Studies examining serum from schizophrenia patients have shown increased levels of polyamine oxidative enzymes,51,58 which were normalized in patients who showed improvement in clinical symptoms after electroconvulsive therapy (ECT).51,58 Early studies of the relation between plasma amine oxidase and schizophrenia demonstrated a trend toward decreased activity that may have been associated with familial transmission of the disorder.45,47,48 Although plasma amine oxidase is not specific for the polyamines, decreases in activity combined with increases in polyamine concentrations might be expected to alter its substrate profile.

The role of ODC is less clear.
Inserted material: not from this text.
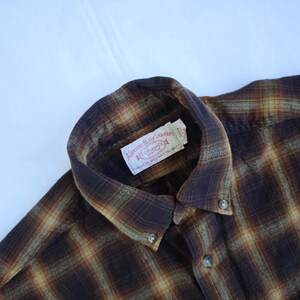 May include: A brown and tan plaid flannel shirt with a button-down collar. The shirt has a label that reads "GENUINE FILSON GARMENT" and "CC FILSON CO. SEATTLE". The shirt is made of a soft, textured fabric.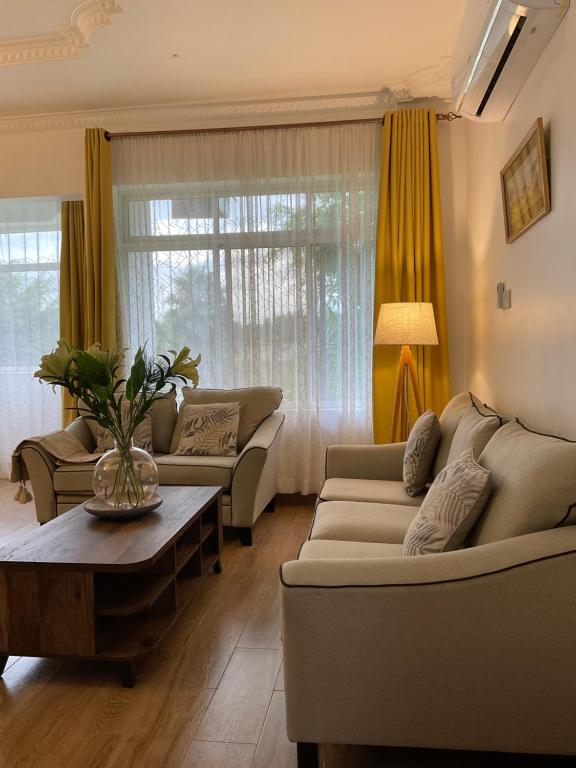Una sala de estar con dos sofás y una mesa. en Amala villas, en Arusha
Studies in schizophrenia patients found no differences in ODC levels or activity in the frontal cortex, hippocampus, or entorhinal cortex.55,56 However, increased activity was observed in cortical neurons from a rat model of schizophrenia.61 Although these results may indicate that the animal model does not properly represent the neurobiology of schizophrenia, it may be that differences in ODC activity are found only in specific CNS regions that have not yet been clearly identified in humans. Interestingly, ECT has been shown to increase ODC activity in multiple regions of rat brains.62,63

Regardless of the findings with ODC, there is support for the hypothesis of alterations in ornithine metabolism in schizophrenia because the activities of ornithine aminotransferase (OAT), antizyme inhibitor (AZIN1) and ornithine cyclodeaminase (OCD) were shown to be decreased in the prefrontal cortex of both treated and untreated patients.59

Information on the activities of other enzymes is lacking, although, in addition to no evidence of altered polyamines or ODC activity, Gilad and colleagues55 were unable to demonstrate changes in AMD1 or SAT1 activities.

#### Potential mechanisms

The complexity of this system makes it unlikely that a single mechanism is responsible, and hence, a simple explanation is impossible. One possibility is that the increased peripheral polyamine concentrations are a result of decreased plasma amine oxidase activity and that the increased PAO activity is a compensatory mechanism to decrease these levels. It would be of interest to determine whether the normalization of PAO activity in clinically improved patients is also associated with normalization of polyamine levels. Additionally, oxidative deamination by both plasma amine oxidase and PAO yields compounds capable of causing cell damage,24 and as such, alterations in their activities could reflect either a causative role or compensatory mechanisms to reduce this damage.

The mechanism in the brain is even less clear, and further studies are necessary to provide a consensus on the actual levels of the polyamines in each brain region as well as on the activities and relations between each enzyme. The decreased expression of OAT and OCD in the prefrontal cortex should theoretically provide increased ornithine for polyamine production, but decreased expression of AZIN1 would allow for increased inhibition of ODC. It has been proposed that these results may reflect either a mechanism to compensate for increased polyamine levels or, possibly, an attempt to down-regulate the entire pathway.59

As mentioned above, the polyamines act on the dopamine pathway. Because this system is strongly associated with the pathology of schizophrenia, its modulation by the polyamines could be of great relevance to both the etiology of this illness and in influencing the clinical outcome of anti-dopaminergic treatments.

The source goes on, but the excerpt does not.